“This is not about establishing a double standard. It’s actually about levelling the playing field,” says Emily Hill, the interim legal advocacy director for Aboriginal Legal Services, who is supporting the motion.
“It’s trying to understand that we have to take into account Indigenous peoples’ unique history and background factors [as well as] systemic factors that may have played a role to ensure there aren’t barriers to their success in the profession.”
In order to become a lawyer, the LSO requires licensing candidates to answer questions about their background to determine whether they are of good character.
Some of this information includes whether the candidate has ever been convicted of a crime or other offence.
Hill says that as Indigenous Canadians are more likely to face systemic discrimination within the criminal justice system, they are more likely to be charged or convicted for behaviour in which a non-Indigenous person may have also engaged. This might serve as a barrier for someone who would otherwise be an excellent lawyer, she says.
“Having some context around the experience of Indigenous people and that individual’s personal background factors might shed light on the quality of their character,” says Hill.
More than 80 lawyers and legal scholars have signed the motion that will be considered at the law society’s annual general meeting in May.
The working group that submitted the motion says it is aware of a “gap around the issue of determining suitability in the context of good character.”
The motion calls on the law society to ensure that the background and systemic context of Indigenous people are considered in such assessments.
These factors have been applied in the criminal context since the Supreme Court of Canada ruled in R. v. Gladue that judges must take into account an Indigenous offender’s background as well as systemic factors when it comes to sentencing.
The Supreme Court later reaffirmed those principles in R. v. Ipeelee.
The law society has applied the Gladue principles in a discipline proceeding against an Indigenous lawyer.
But the working group says it is not clear whether the law society is taking these factors into account when assessing good character.
“It’s just really opaque. We don’t know what’s going on behind closed doors. We don’t know what they’re taking into consideration,” says Sari Graben, an assistant professor in the department of law and business at Ryerson University’s Ted Rogers School of Management.
Part of the motion calls for the law society to ensure the process is transparent.
Graben, who is part of the working group, says getting more transparency would give Indigenous candidates greater certainty and a better idea of what is being considered in these assessments.
Lawyers say that taking into account the Gladue and Ipeelee context when assessing good character is important to ensure diversity of the bar and bench.
The working group says there need to be more Indigenous lawyers if Canada is going to address the distrust Indigenous people have of the country’s legal systems that was identified in the Truth and Reconciliation Commission’s final report.
“We need more Indigenous lawyers. We need to encourage more Indigenous people to practise law,” says David McRobert, a Peterborough, Ont. lawyer who is involved in the working group.

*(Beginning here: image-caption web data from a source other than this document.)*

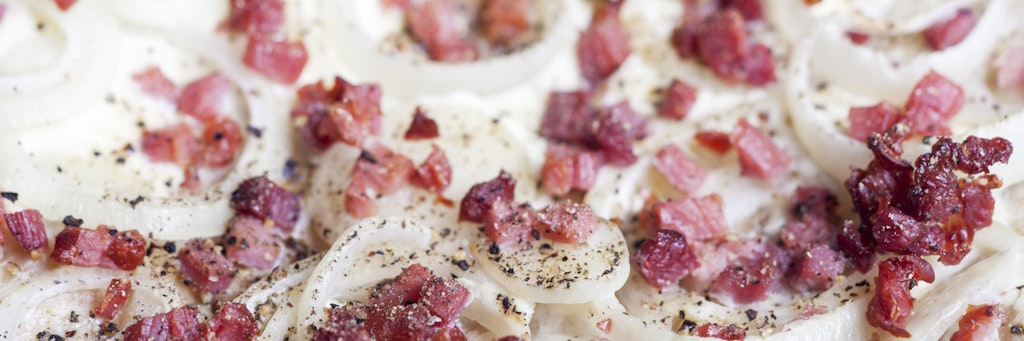 Mit Zwiebeln und Schinkenwürfeln wird der Flammkuchen perfekt. Mit dem Blumenkohlboden wird das Gericht zur leichten Alternative fürs Abendessen.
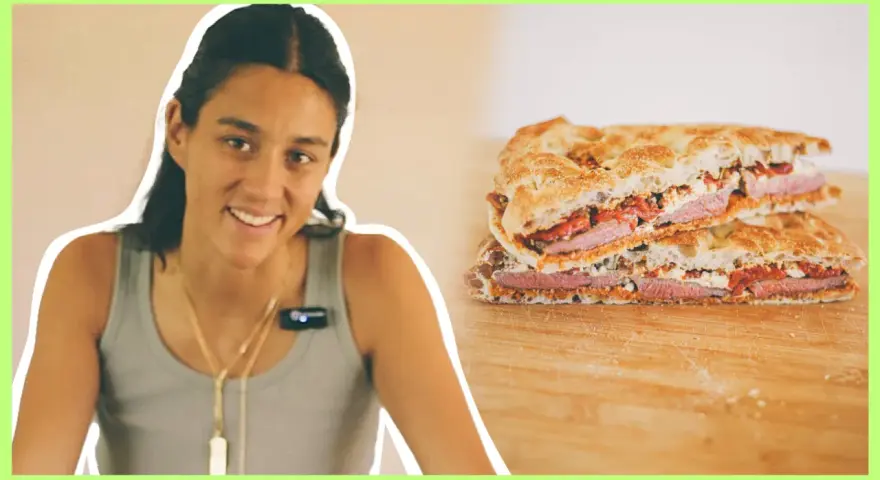 Mujer sonriente junto a un pepito de ternera cortado en dos, mostrando el relleno de carne, queso y pimientos.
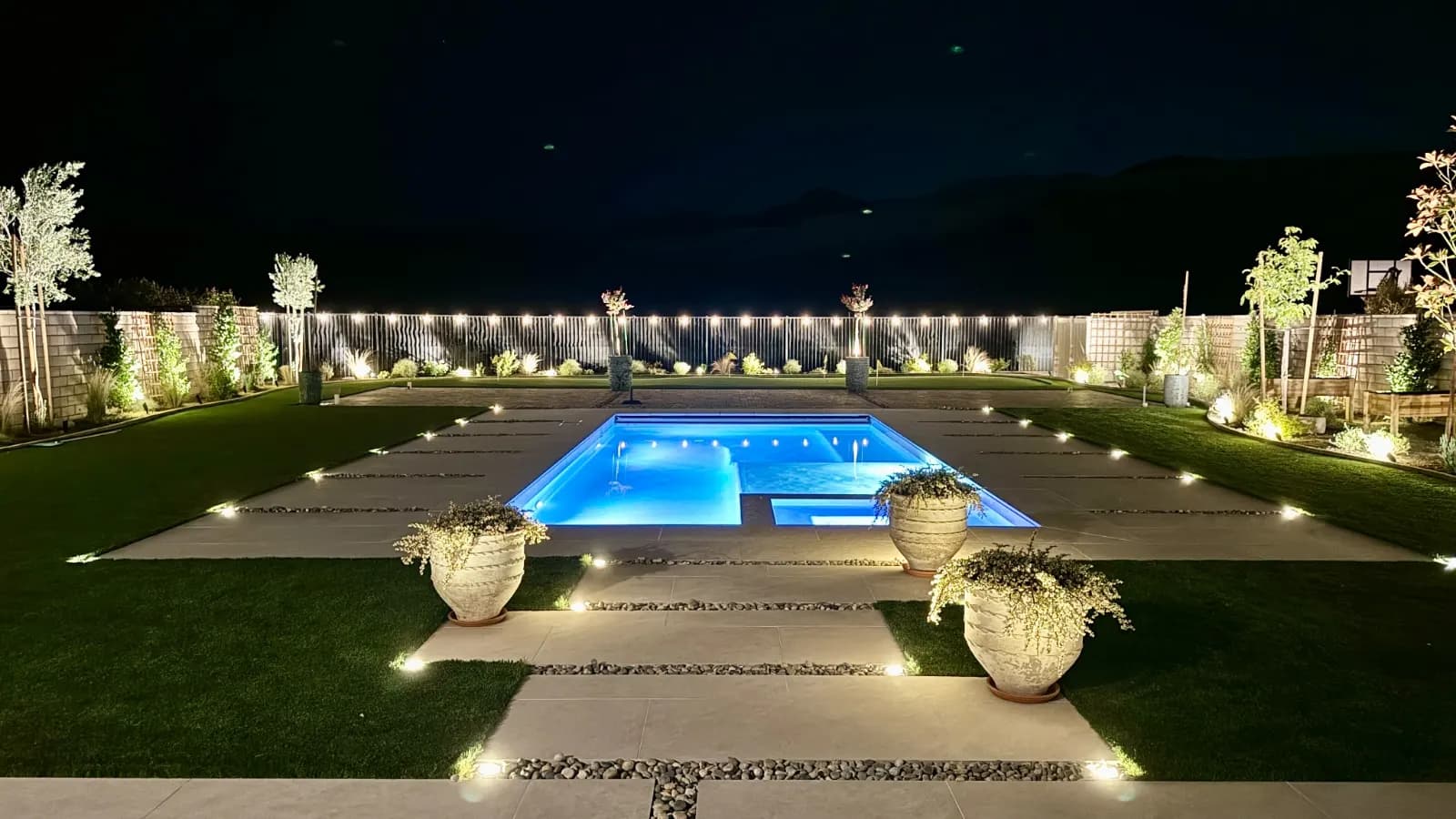 Swimming pool lit at night, with illuminated planters and lighting along a symmetrical deck.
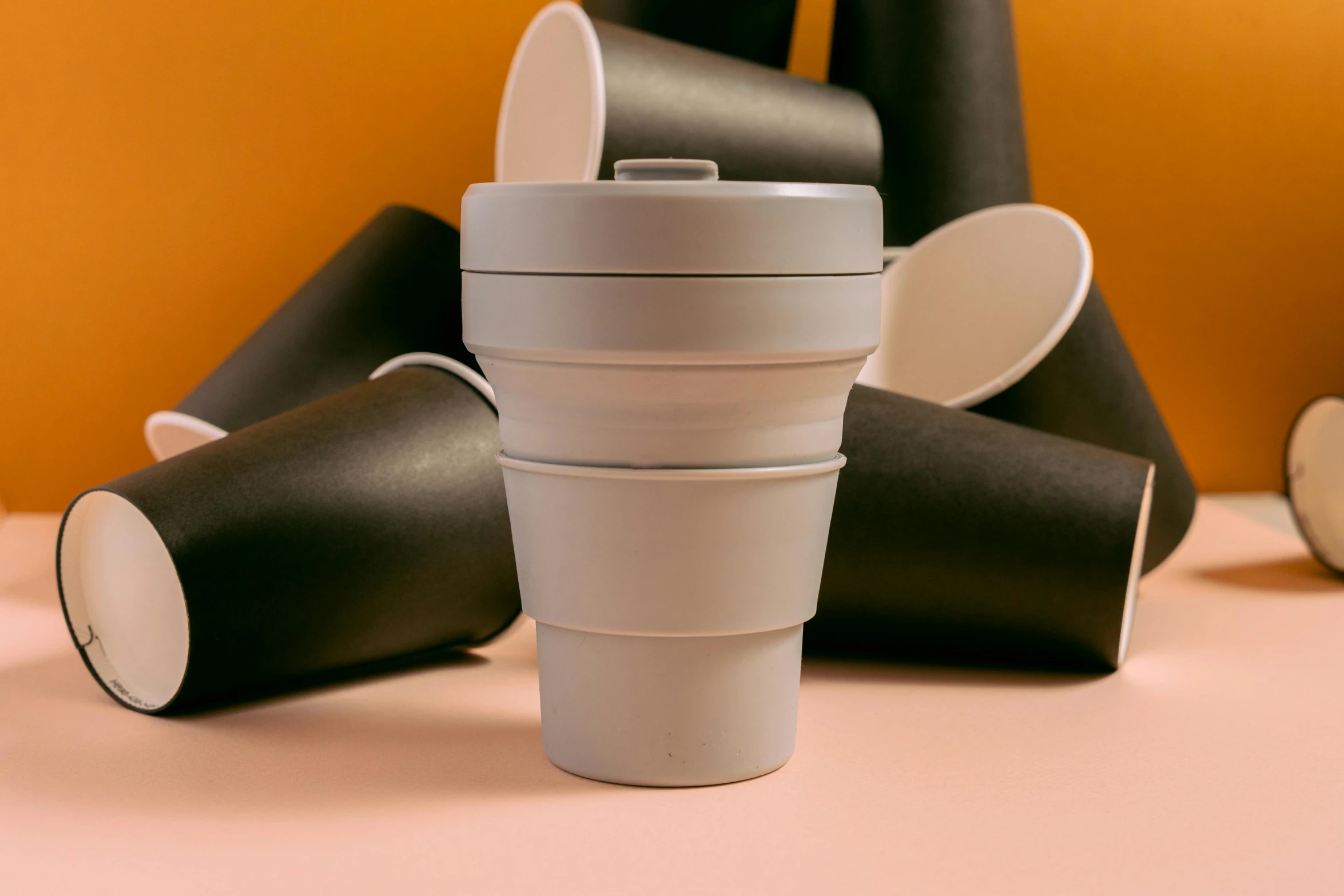 a pile of empty coffee cups on a table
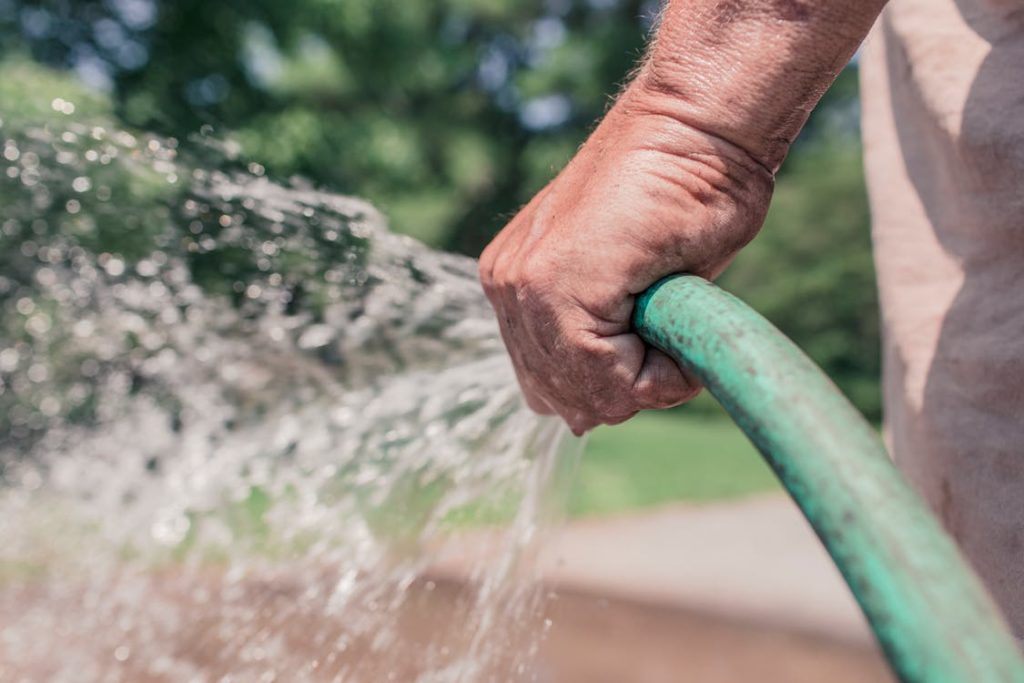 using a waterhose to hand water a garden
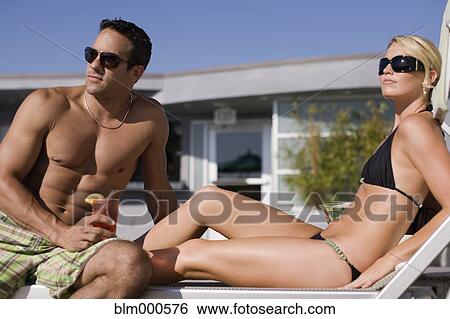 Multi-ethnic couple drinking cocktails poolside View Large Photo Image Stock Photograph - Multi-ethnic couple drinking cocktails poolside. Fotosearch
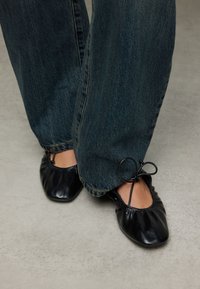 Zwarte leren ballerina's met geplooide details en een decoratieve strik. Gecombineerd met donkerblauwe wijde jeans. Gladde textuur, afgeronde neus.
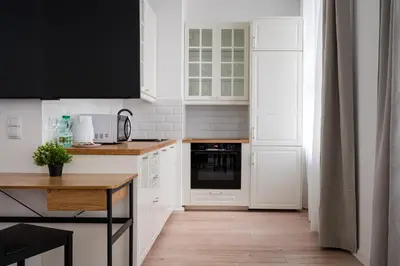 Kuchnia lub aneks kuchenny w obiekcie W Rytmie Nowej Pragi Chic Apartment by BookingHost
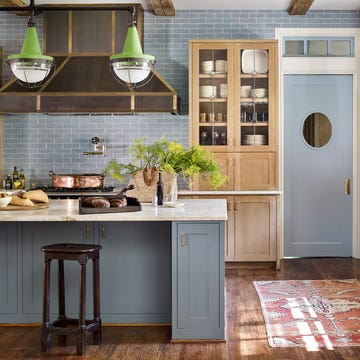 kitchen because this room sits at the center of the home, mcbrearty’s clients “wanted an unassuming feeling of warmth” door and island paint normandy, benjamin moore tiles waterworks hood custom, lacanche stools vintage, robuck rug antique, client’s own pendants the urban electric co beams reclaimed barnwood, the global craftsman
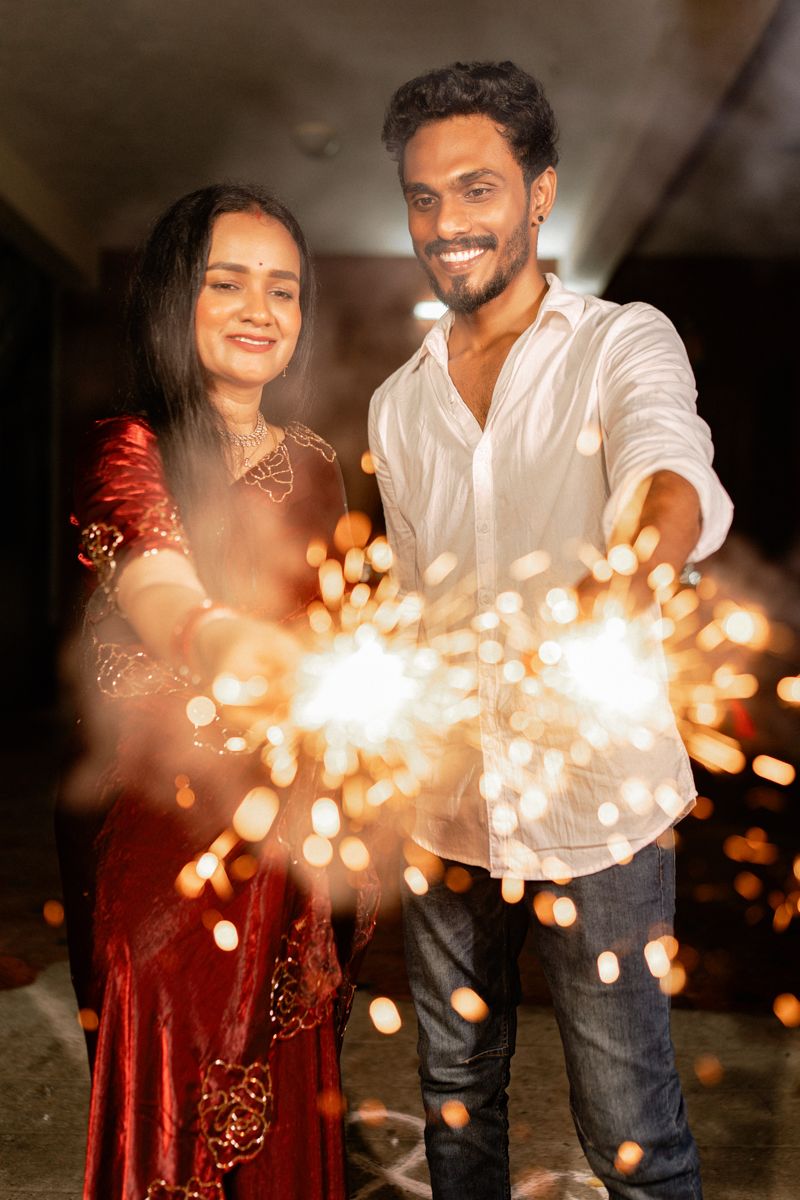 A couple holds sparklers creating magical light trails against a dark background in a series of romantic shots.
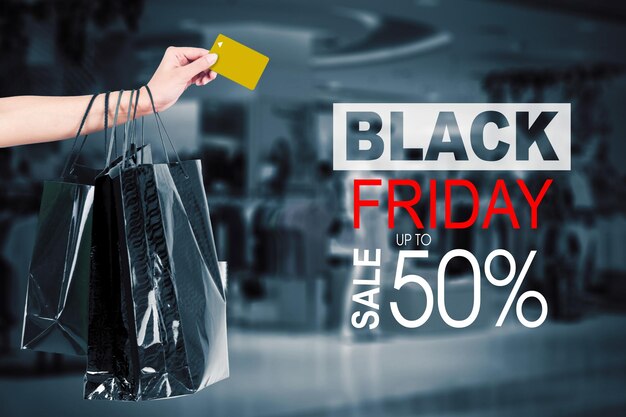 Foto la donna tiene la carta di credito con il testo di vendita del black friday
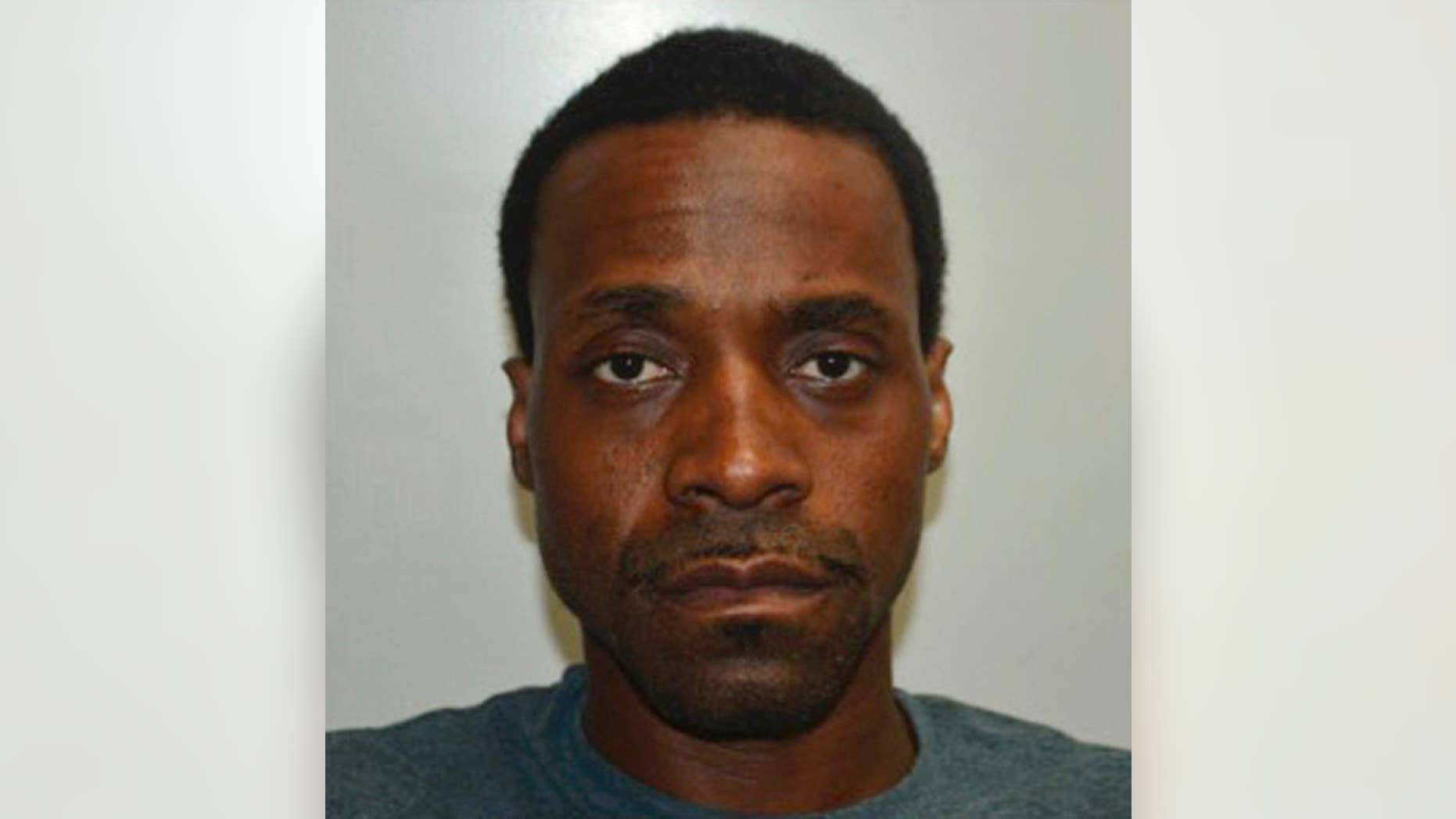 FILE - This undated photo provided by the Fresno Police Department shows Kori Ali Muhammad a suspect in the Fresno, Calif., shooting on Tuesday, April 18, 2017. The attorney for a black man charged with multiple counts of first-degree murder following a shooting rampage randomly targeting white men on the streets of Fresno said Thursday, April 27, 2017, that his client suffers from mental illness. (Fresno Police Department via AP, File)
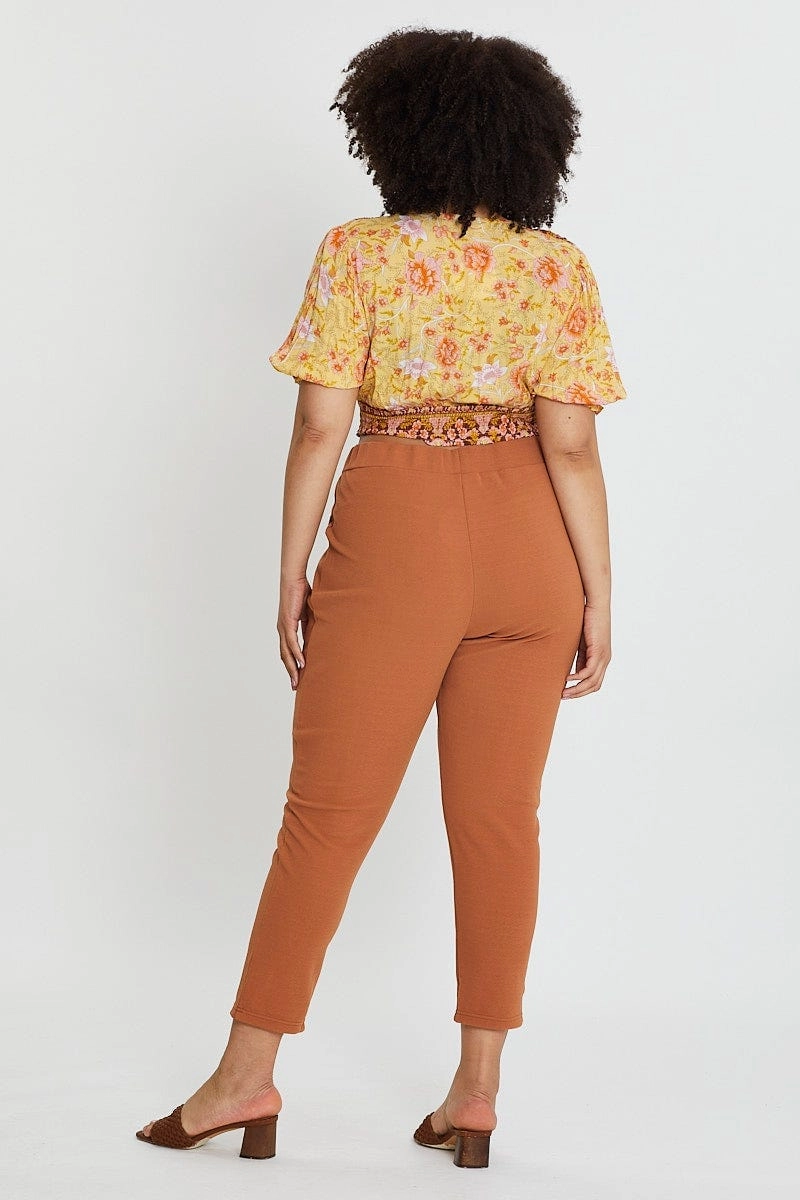 Metallic accents Stylish Look Beige Mid Rise Black Slim Pants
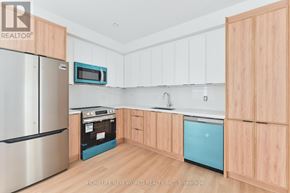 Toronto (Dovercourt-Wallace Emerson-Junction) townhouse for rent - A kitchen with wooden cabinets and a stainless steel refrigerator.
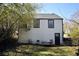 The rear of the home features a small back yard, picnic table, and a door to enter at 232 Mathewson Sw Pl, Atlanta, GA 30314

“And we need to make sure there are adjustments to the process to allow them to do that in recognition of the historical injustices that Indigenous people in Canada faced.”
The working group says it is not pushing a different meaning of good character for Indigenous applicants or that they have a lower standard to meet.
The group says it is simply asking that the law society confirm it is weighing the appropriate factors in its assessments.
The group added that its motion is a response to the law society’s report approved in late 2016 that identified widespread barriers faced by racialized licensees at all stages of their careers, including law students.
Lawyers say there is a need to make sure that the process for becoming a lawyer does not unfairly penalize racialized applicants.
Sue Tonkin, a spokeswoman for the law society, said in an emailed statement that the motion was received.
“We welcome the discussion that will take place at the annual general meeting,” she said.
The motion also calls on the law society to deliver a preliminary report on the requested review within six months.
If the motion passes, it would not be binding, but LSO benchers would have to consider it.